Count Grigory Kirillovich  Razumovsky (, ; November 10, 1759 – June 3, 1837) was a Russian nobleman, political philosopher, botanist, zoologist and geologist.

Career
Razumovsky is known from his writings in the West as Gregor or Grégoire, who lost his Russian citizenship for openly criticizing the czarist system under emperor Alexander I, which he saw as pandering to the desires of a corrupt oligarchy of nobles. Gregor emigrated to western Europe, where was subsequently incorporated into the Bohemian nobility (Inkolat im Herrenstande) in 1811 and accorded the rank of count of the Austrian Empire. As a natural scientist, Gregor was the first to describe and classify Lissotrion helveticus.

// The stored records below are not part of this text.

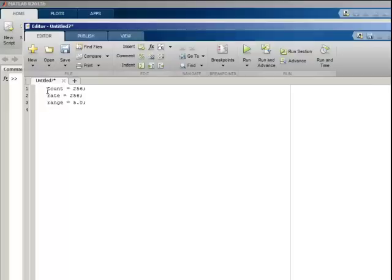Range. My device supports voltage ranges of 1, 2, 5, and 10 volts. For this example, I want 5 volts.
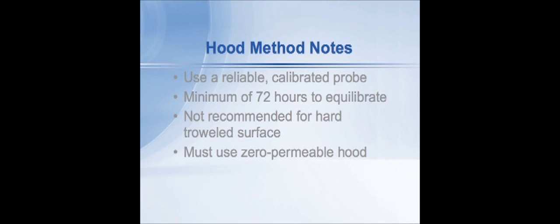The ASTM standard actually warns that floors that have a hard troweled surface are better tested using the F2170 probes in place in drilled holes, the in situ probes that actually go into the concrete.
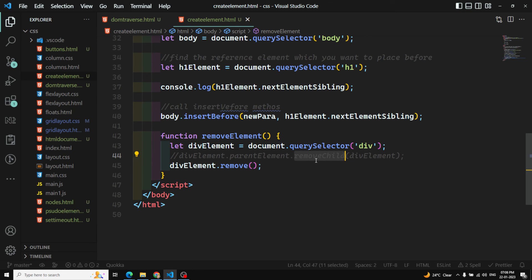So those are the two methods we've learned: `removeChild` and `remove` for removing elements from the DOM. Hope you understood. If you have any doubts or suggestions, please post your comments below. If you liked this video, please support me by subscribing to my channel. Thank you.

He was the fifth son of the last hetman of Ukraine, Kirill Grigorievich Razumovsky and brother of prince Andreas Razumovsky, he is also the ancestor of all living members of the family as such, the Russian lines having gone extinct.

In the field of geology, Razumovsky has been described as a "non-actualistic catastrophist". He was also an advocate of Neptunism.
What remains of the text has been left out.